# [TASK INPUTS]
# # # #
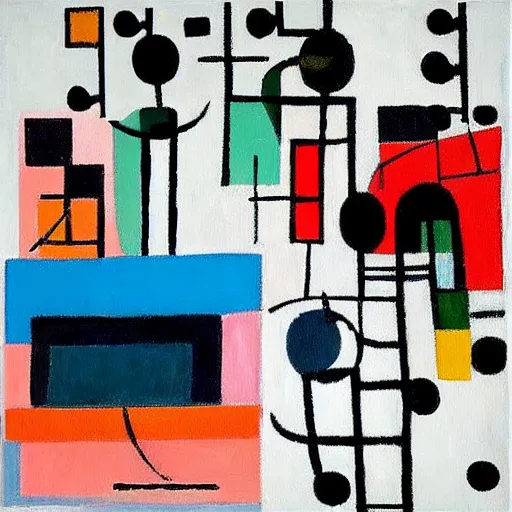 Image similar to “ an acryllic painting dubrovnik, on a pale background, muted palette mostly white, black, gray, dark red, dark blue, pink, evil fisherman, dadaism, dada, mixed media, in the styles of both joan miro and mark rothko ”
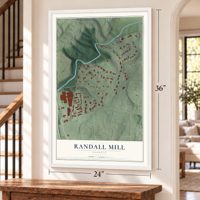 Randall Mill, Georgia map, 24 x 36 inch print in a white frame by a staircase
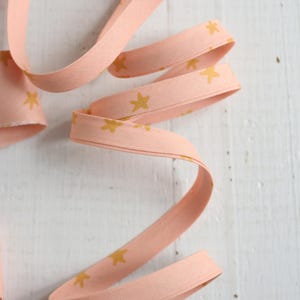 Starry Peach bomullssnedband – 1/2" dubbelvikt, extra bred snedkant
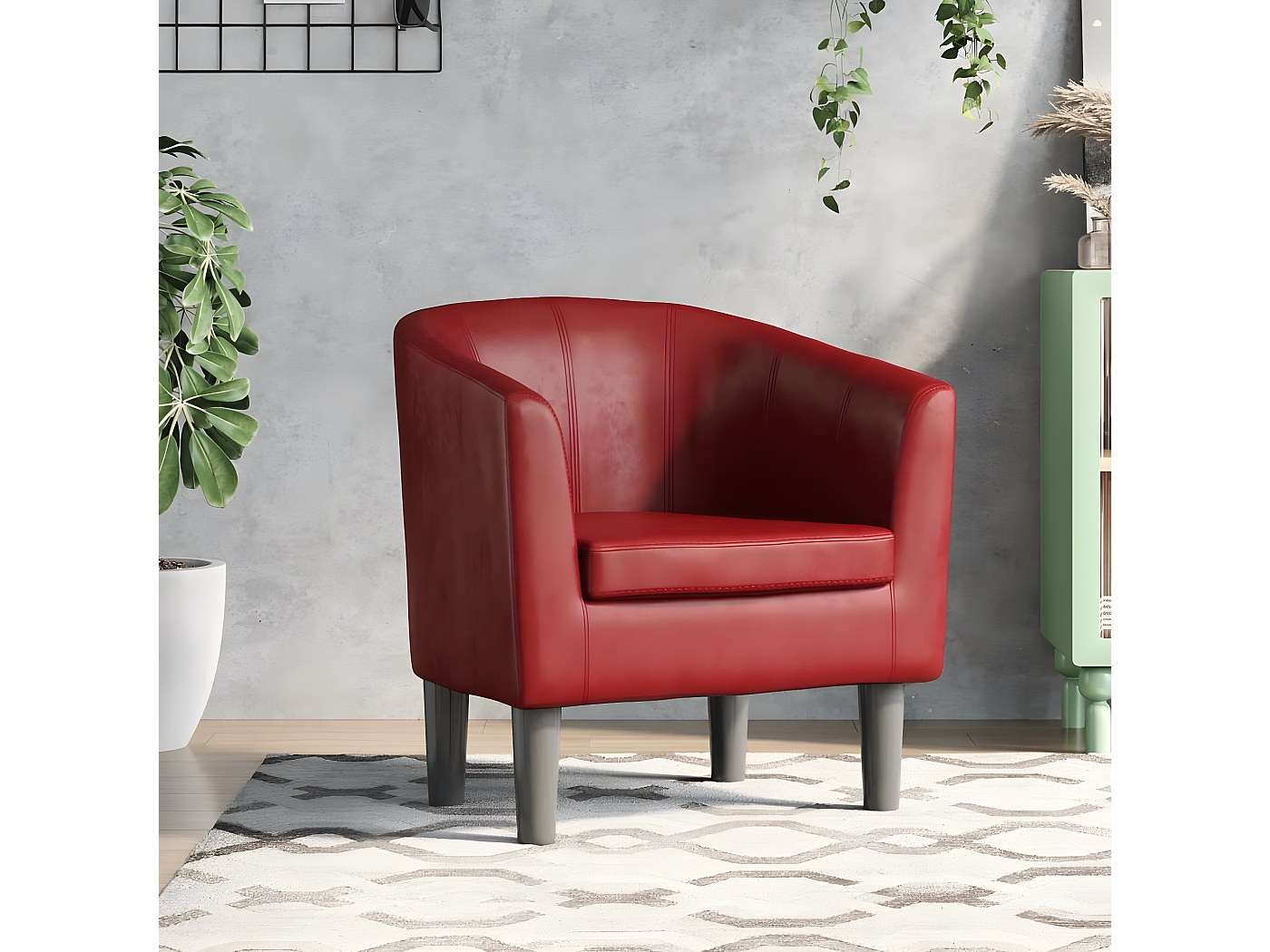 Poltroncina Singola In Ecopelle Rossa Sofà Design - Made In Italy, Compatta, Comoda, Idrorepellente, 70x67x76 Cm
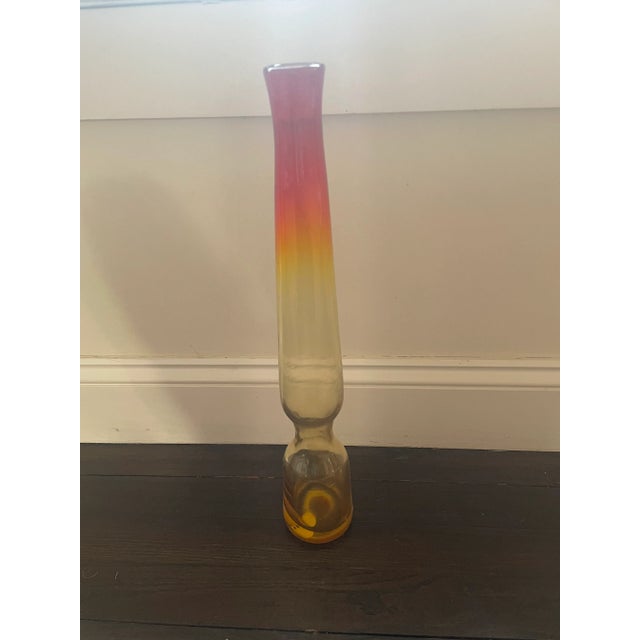 Contemporary Greenwich Flint Craft Tall Decorative Ombre Glass For Sale - Image 4 of 4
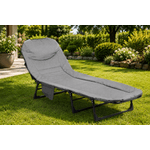 Casa si Gradina - Gradina si terasa - Mobilier exterior - Scaune si sezlonguri gradina - Pat camping pliabil tip sezlong, cu tetiera reglabila si buzunar lateral, maxim 120 kg, 65x200x88 cm, gri - Infinity.ro
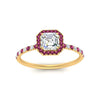 Load image into Gallery viewer, asscher-cut-pink-sapphire-halo-petite-engagement-ring-in-yellow-gold-FD8523ASRGSADRPIANGLE3-NL-YG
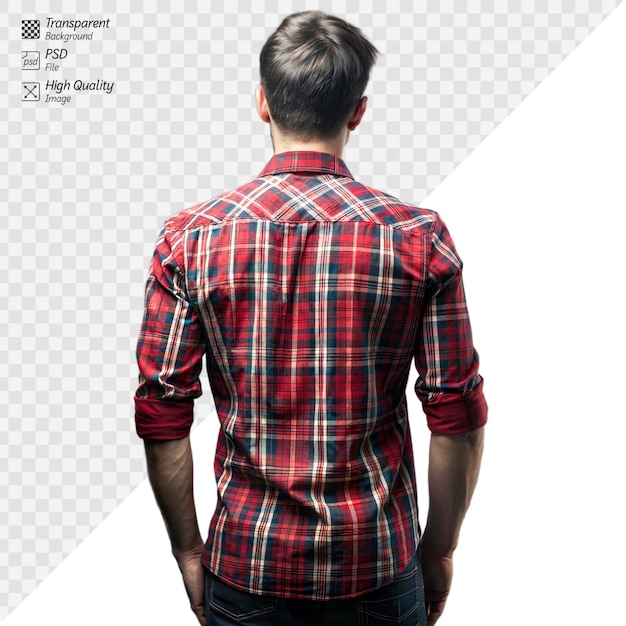 Man in plaid shirt on transparent background from back view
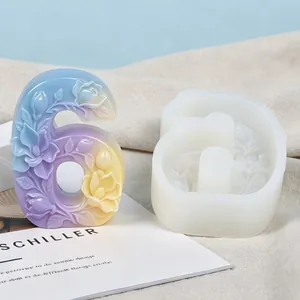 Detailed view of floral relief number 6 silicone mold alongside a finished resin sample.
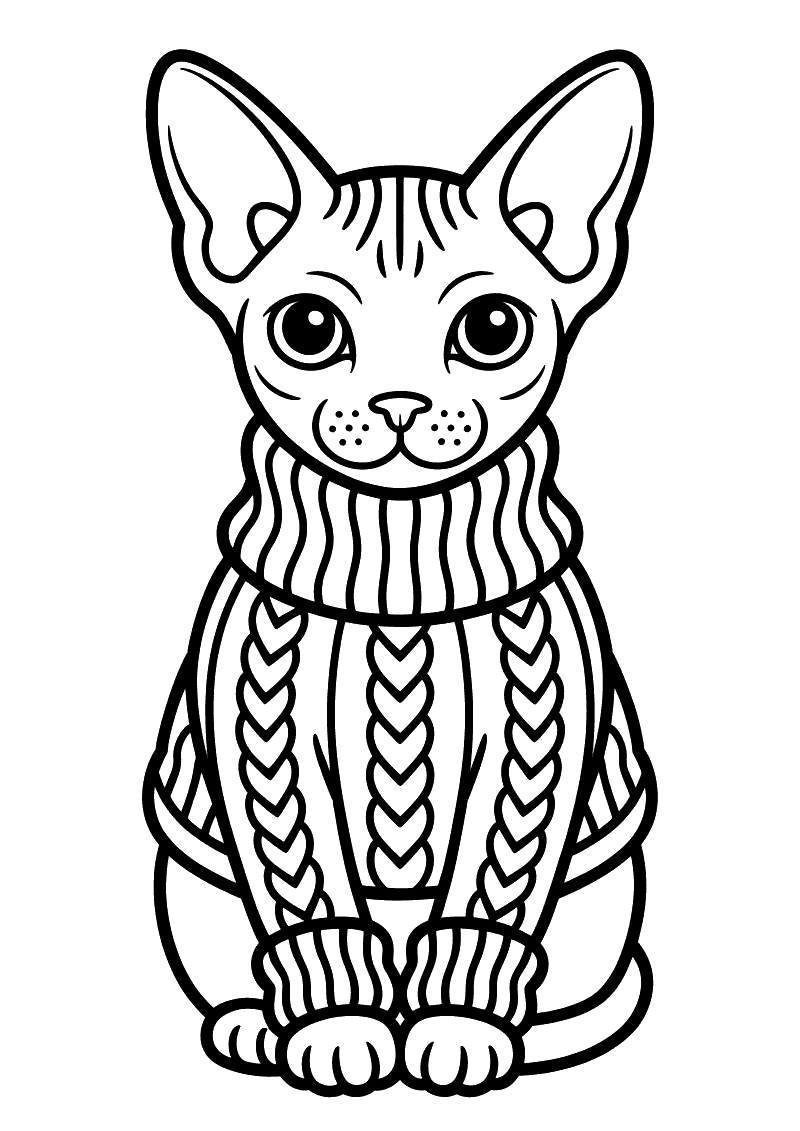 Kleurplaat van een haarloze sphynx kat die een gebreide trui draagt en tevreden kijkt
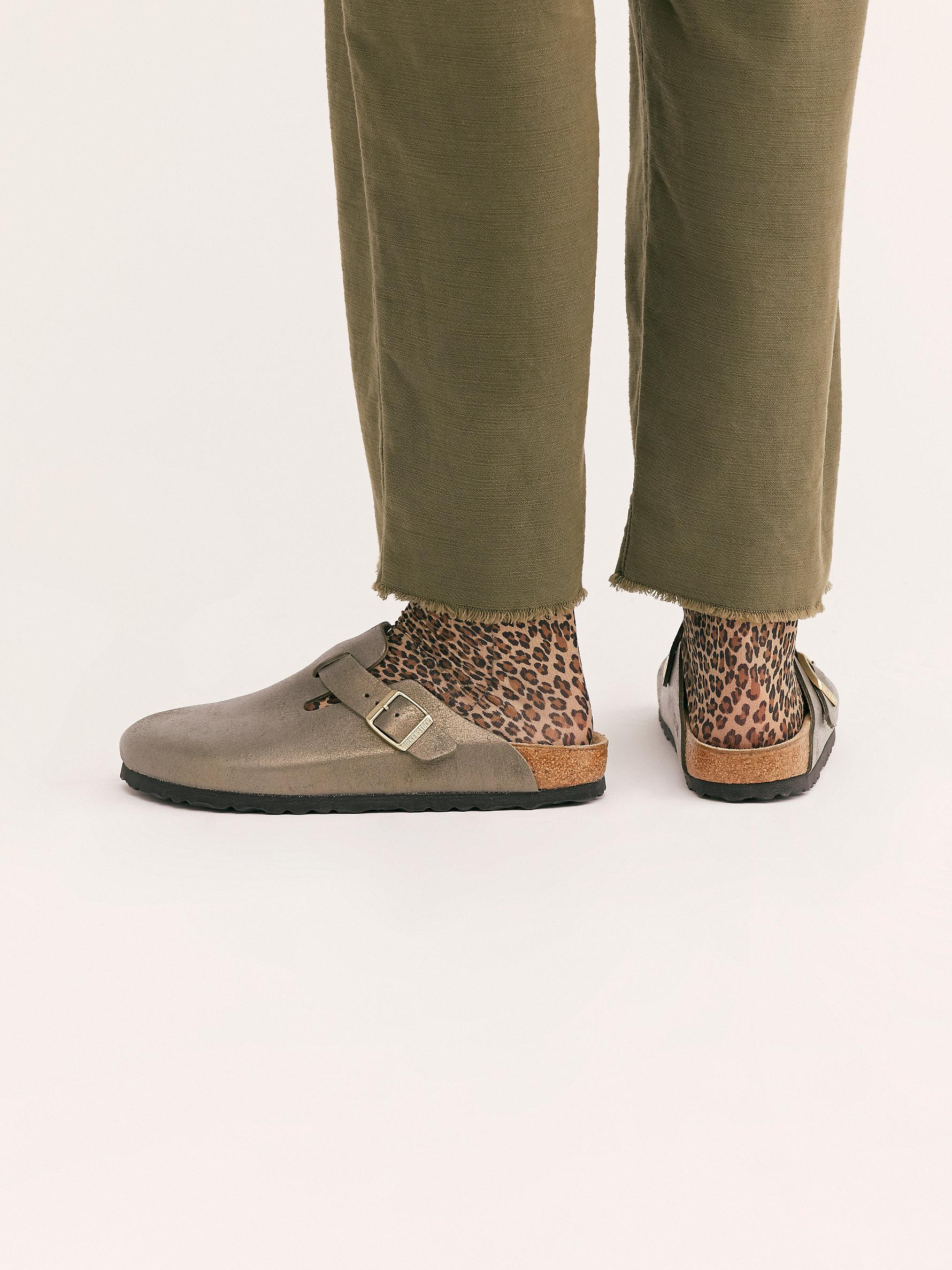 Free People Leather Boston Washed Metallic Birkenstock Lyst
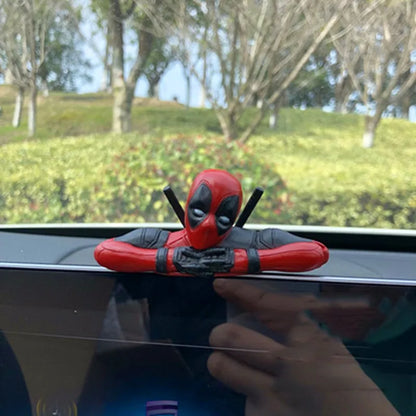 Anime Deadpool Action Figure Car Interior Decoration Toys Sitting Model X-Men Mini Figurine Pendant Car Accessories Kids Gift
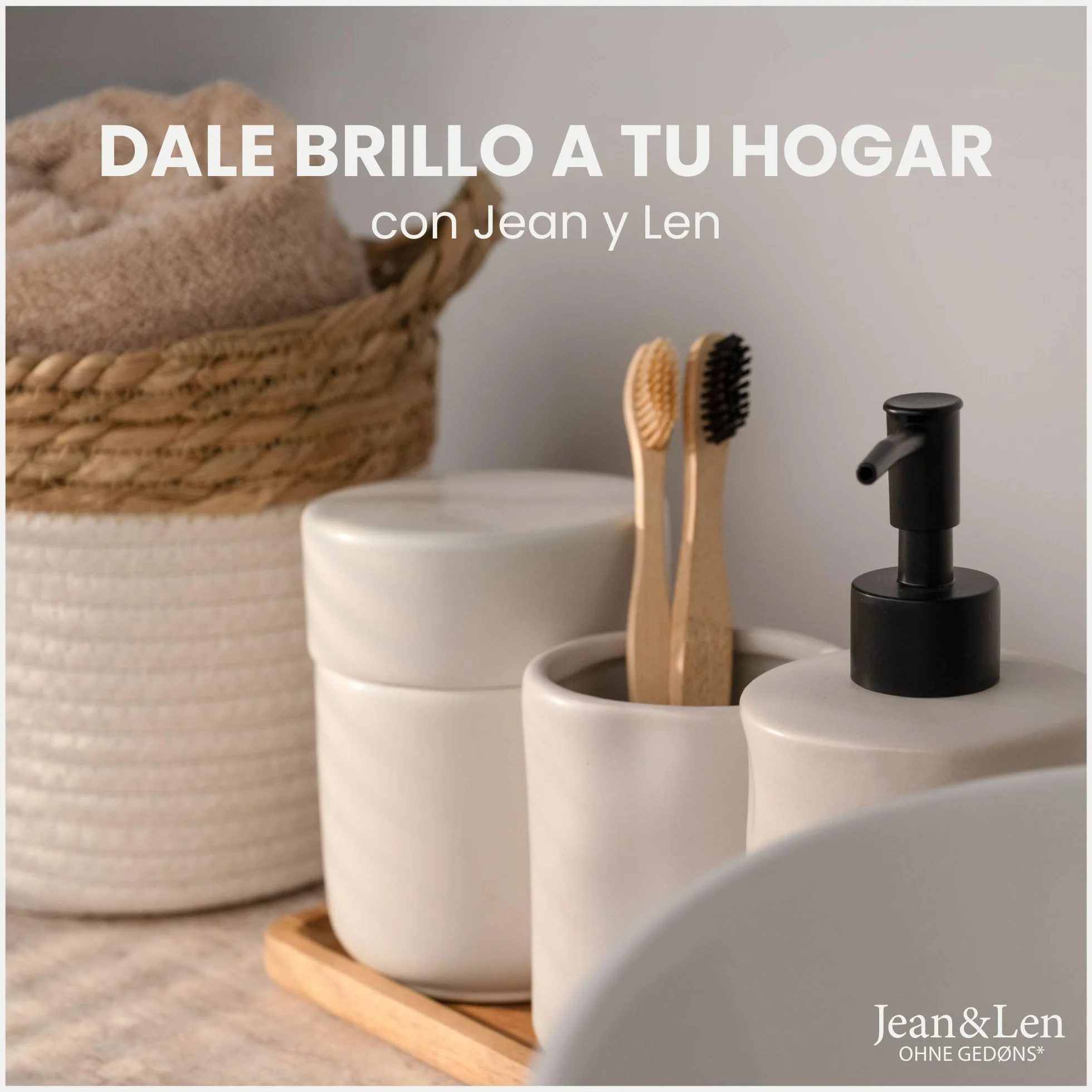 Jean & Len cesta de almacenaje redonda algodón junco 17 x 17 cm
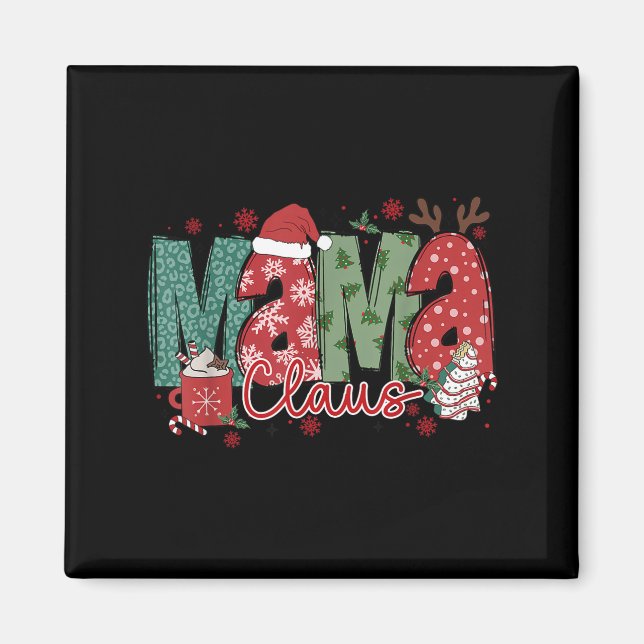Mama Claus Christmas Pajama Santa Claus Family Mat Magnet (Front)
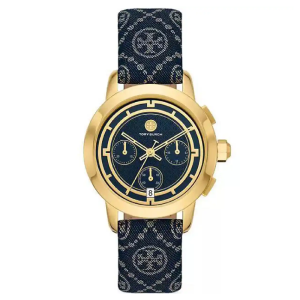 Tory Burch Women’s Quartz Navy Blue Canvas Strap Navy Blue Dial 37mm Watch TBW1038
# # # #
Any picture in the material is to be left out, and everything else is to be retyped as is.

# [PROBLEM SOLUTION]
 Image similar to “ an acryllic painting dubrovnik, on a pale background, muted palette mostly white, black, gray, dark red, dark blue, pink, evil fisherman, dadaism, dada, mixed media, in the styles of both joan miro and mark rothko ”
 Randall Mill, Georgia map, 24 x 36 inch print in a white frame by a staircase
 Starry Peach bomullssnedband – 1/2" dubbelvikt, extra bred snedkant
 Poltroncina Singola In Ecopelle Rossa Sofà Design - Made In Italy, Compatta, Comoda, Idrorepellente, 70x67x76 Cm
 Contemporary Greenwich Flint Craft Tall Decorative Ombre Glass For Sale - Image 4 of 4
 Casa si Gradina - Gradina si terasa - Mobilier exterior - Scaune si sezlonguri gradina - Pat camping pliabil tip sezlong, cu tetiera reglabila si buzunar lateral, maxim 120 kg, 65x200x88 cm, gri - Infinity.ro
 Load image into Gallery viewer, asscher-cut-pink-sapphire-halo-petite-engagement-ring-in-yellow-gold-FD8523ASRGSADRPIANGLE3-NL-YG
 Man in plaid shirt on transparent background from back view
 Detailed view of floral relief number 6 silicone mold alongside a finished resin sample.
 Kleurplaat van een haarloze sphynx kat die een gebreide trui draagt en tevreden kijkt
 Free People Leather Boston Washed Metallic Birkenstock Lyst
 Anime Deadpool Action Figure Car Interior Decoration Toys Sitting Model X-Men Mini Figurine Pendant Car Accessories Kids Gift
 Jean & Len cesta de almacenaje redonda algodón junco 17 x 17 cm
Mama Claus Christmas Pajama Santa Claus Family Mat Magnet (Front)
 Tory Burch Women’s Quartz Navy Blue Canvas Strap Navy Blue Dial 37mm Watch TBW1038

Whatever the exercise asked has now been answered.